Given records
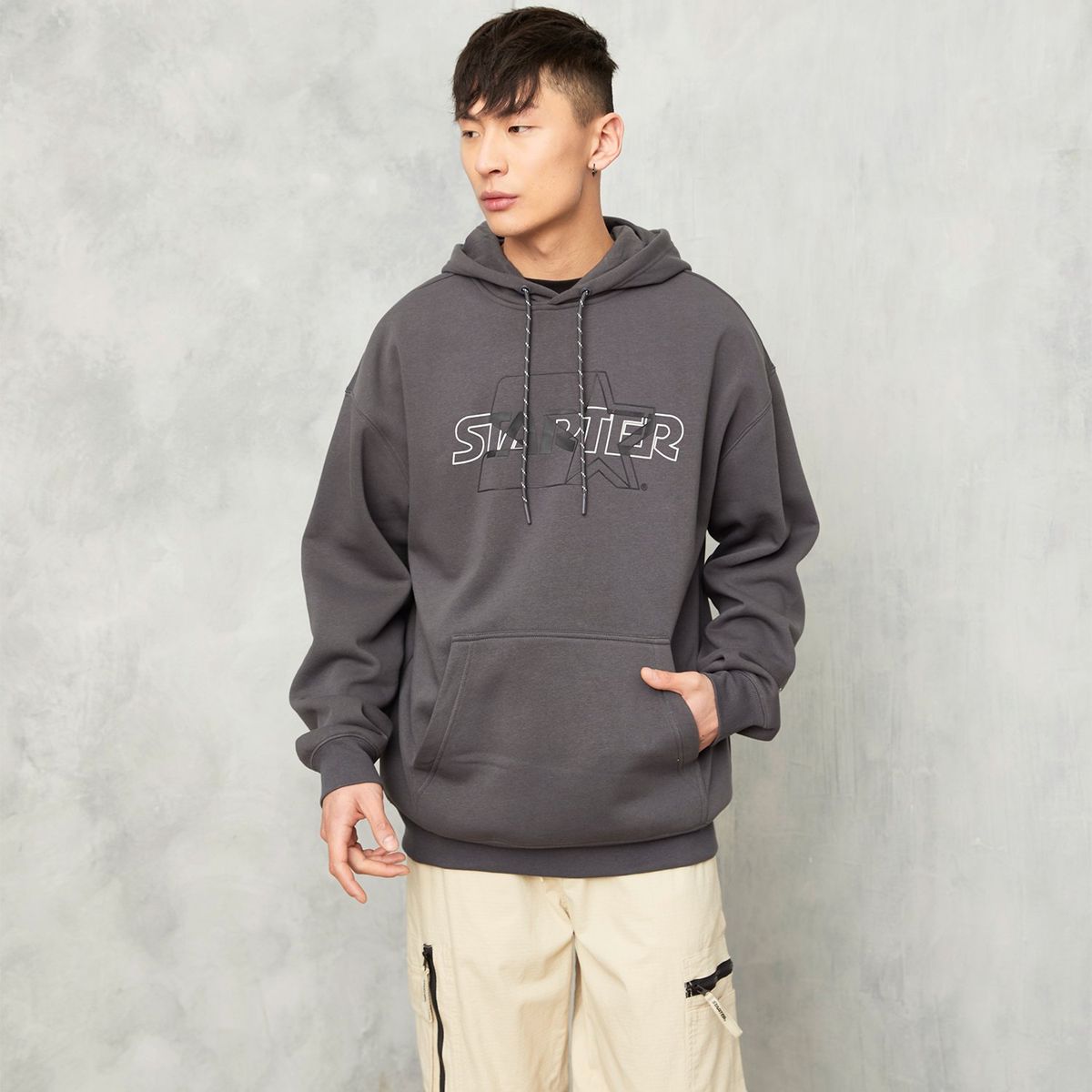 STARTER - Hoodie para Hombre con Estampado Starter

---

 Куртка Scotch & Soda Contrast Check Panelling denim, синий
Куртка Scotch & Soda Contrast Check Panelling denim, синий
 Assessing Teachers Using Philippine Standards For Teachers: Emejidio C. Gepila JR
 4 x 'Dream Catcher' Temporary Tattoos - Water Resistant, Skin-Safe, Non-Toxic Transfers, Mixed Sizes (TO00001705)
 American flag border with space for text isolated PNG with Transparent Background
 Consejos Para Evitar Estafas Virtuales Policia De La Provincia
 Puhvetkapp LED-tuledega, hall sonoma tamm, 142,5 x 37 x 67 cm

---

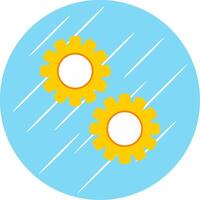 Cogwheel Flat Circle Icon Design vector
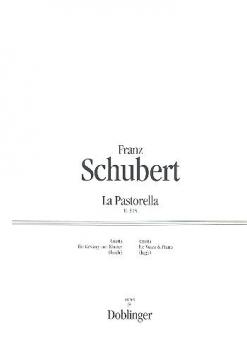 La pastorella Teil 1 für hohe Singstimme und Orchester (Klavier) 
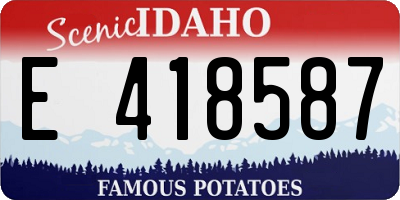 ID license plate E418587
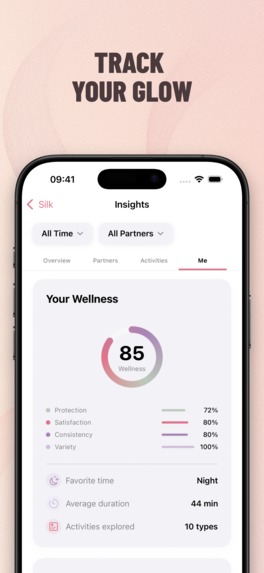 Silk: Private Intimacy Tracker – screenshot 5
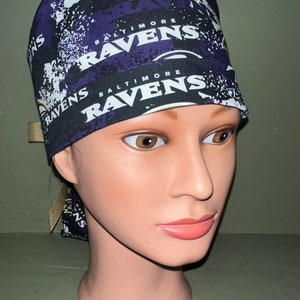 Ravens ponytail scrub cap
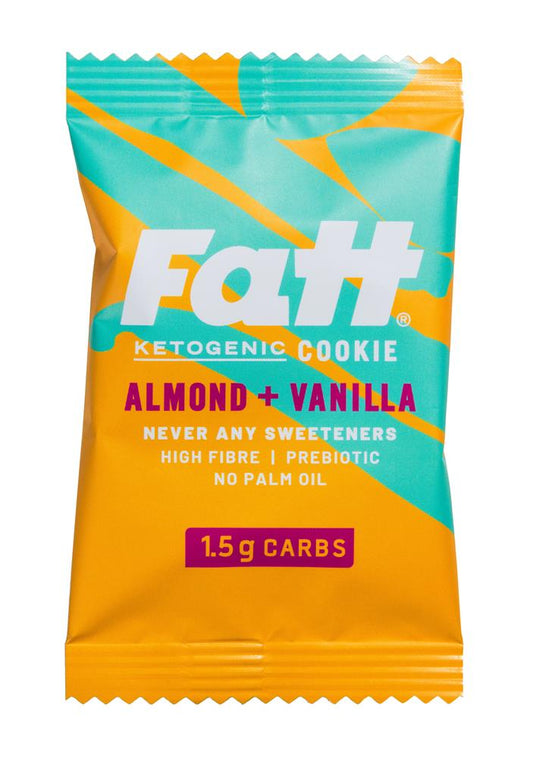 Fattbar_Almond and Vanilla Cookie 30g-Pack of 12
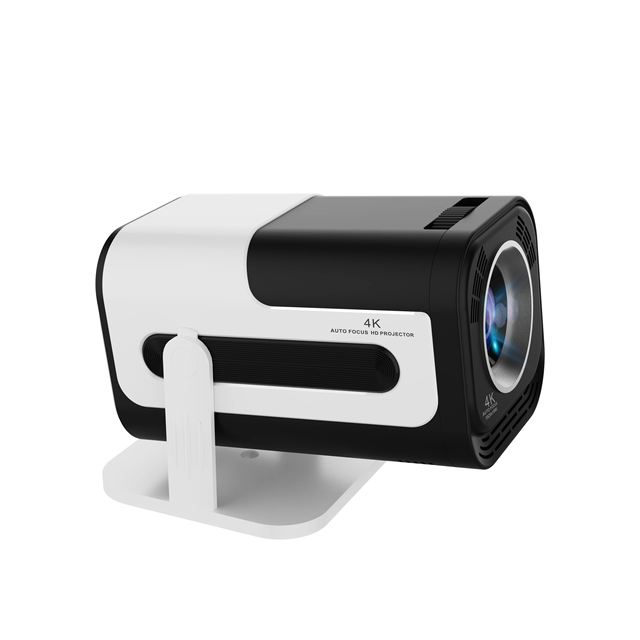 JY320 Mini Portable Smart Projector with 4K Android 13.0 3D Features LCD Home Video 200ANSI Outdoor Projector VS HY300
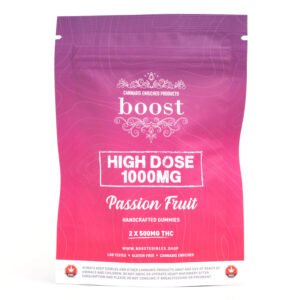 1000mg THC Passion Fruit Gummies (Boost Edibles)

Your goal
In the listing above, locate the line containing "Consejos Para Evitar" and the line containing "Puhvetkapp LED-tuledega, hall". Extract those two lines and every line between them, exactly as written, and only those.

Reply
 Consejos Para Evitar Estafas Virtuales Policia De La Provincia
 Puhvetkapp LED-tuledega, hall sonoma tamm, 142,5 x 37 x 67 cm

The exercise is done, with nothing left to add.